Print the line containing "CareQuest Pharmacy is" and all lines after it, unchanged, through the end of the data. Leave the pictures out.
*** EXTRACTED RECORDS Section Begins ***
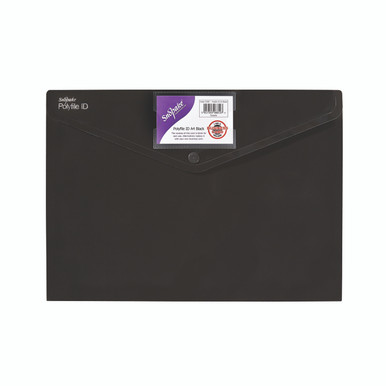 Snopake Polyfile Id A4 Black PK5 - -
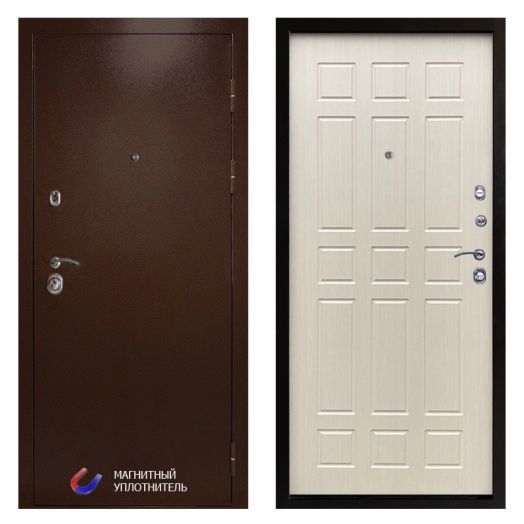 Входная Металлическая Дверь Термодор Termo-door (T.DOOR) Техно Медь Спарта лиственница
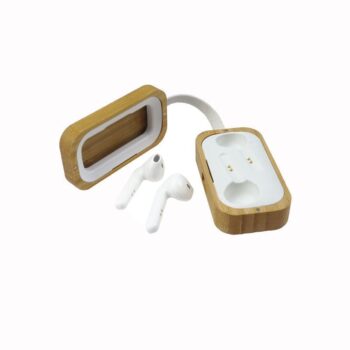 Eco friendly bamboo wireless earbuds
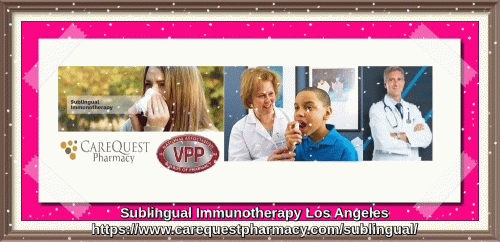 CareQuest Pharmacy is the best place in LA, USA for Sublingual immunotherapy. For more information, visit  our website, https://bit.ly/3nxfg96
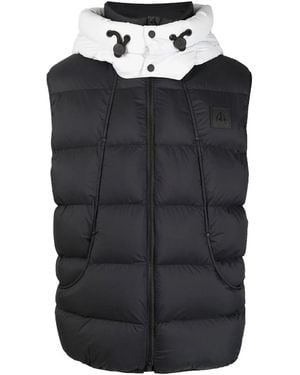Moose Knuckles Flightweight Bushwick Vest M32Mv465-292" - Black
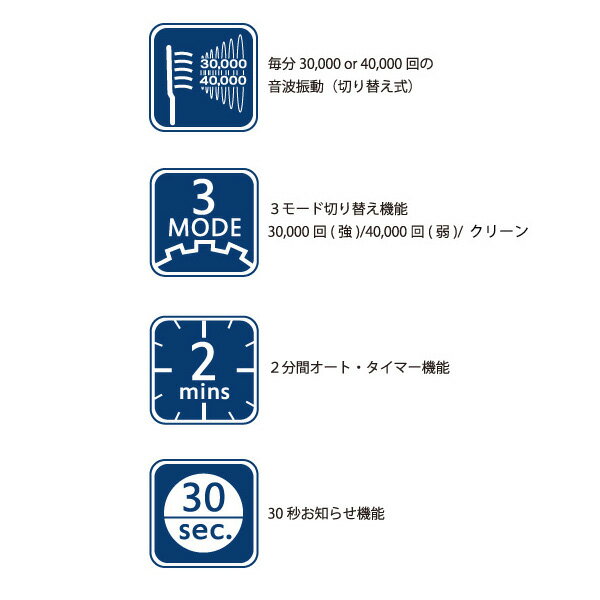 音波歯ブラシ  スマートソニック+プラス RST-2030B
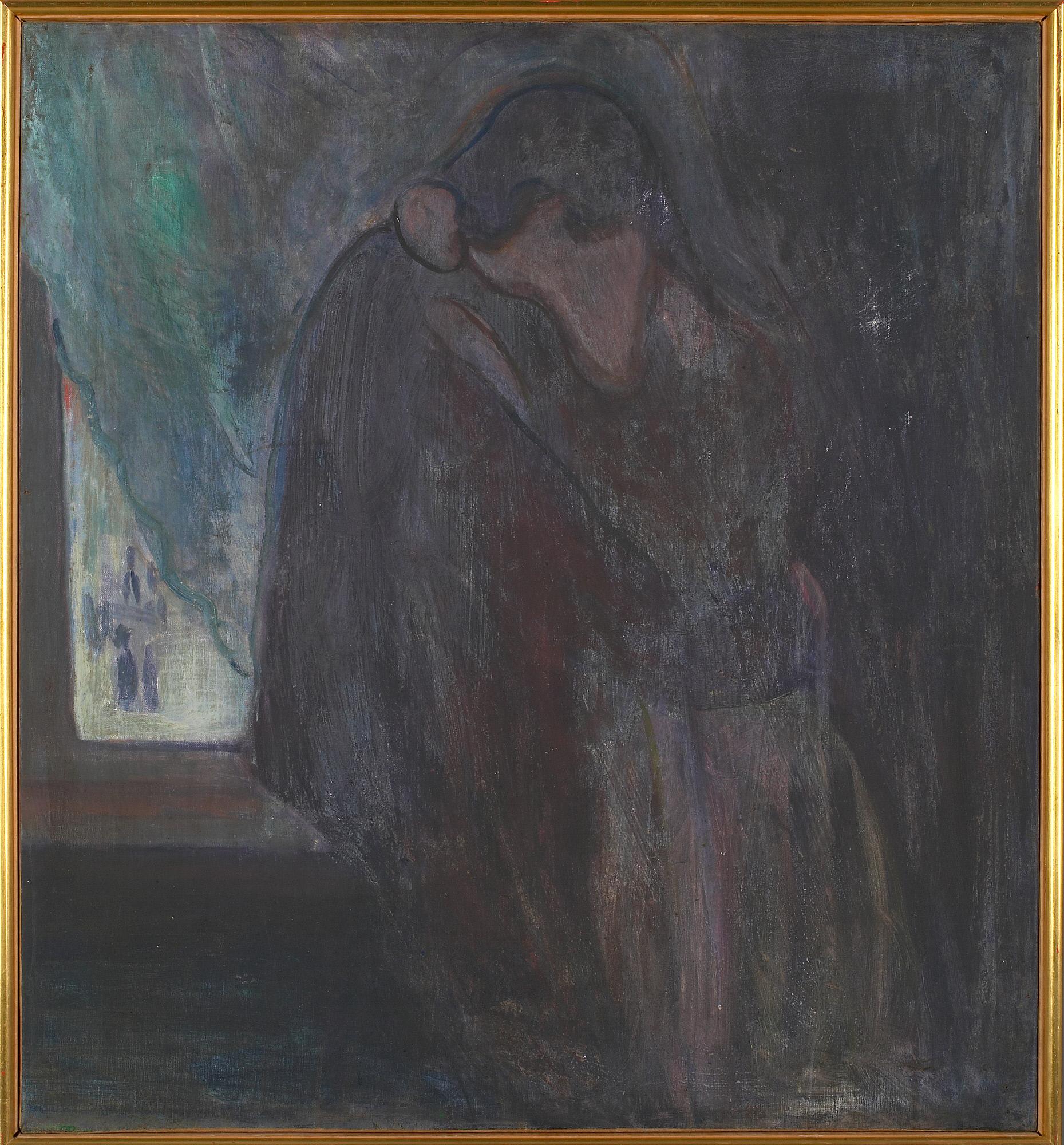 Reproduction du tableau « Le Baiser - Edvard Munch » par Alpha Reproduction en peinture à l’huile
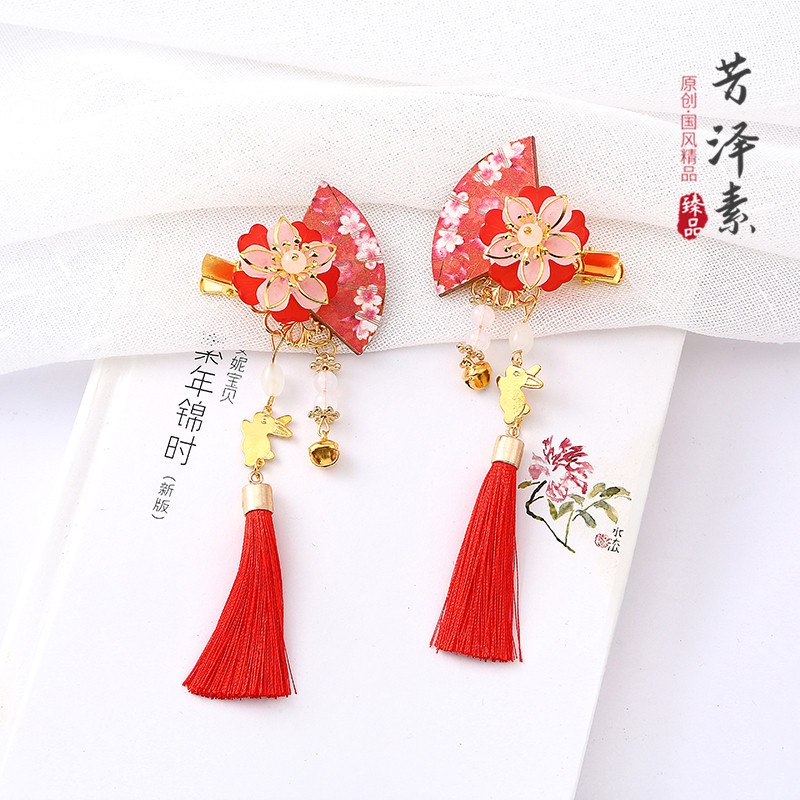 Jepit Imlek / Jepit Rambut Imlek / Bando Imlek Sincia CNY / Jepit Sincia Anak / Jepitan Imlek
*** EXTRACTED RECORDS Section Ends ***
■ THE COMPLETED TASK ■
 CareQuest Pharmacy is the best place in LA, USA for Sublingual immunotherapy. For more information, visit  our website, https://bit.ly/3nxfg96
Moose Knuckles Flightweight Bushwick Vest M32Mv465-292" - Black
 音波歯ブラシ  スマートソニック+プラス RST-2030B
 Reproduction du tableau « Le Baiser - Edvard Munch » par Alpha Reproduction en peinture à l’huile
 Jepit Imlek / Jepit Rambut Imlek / Bando Imlek Sincia CNY / Jepit Sincia Anak / Jepitan Imlek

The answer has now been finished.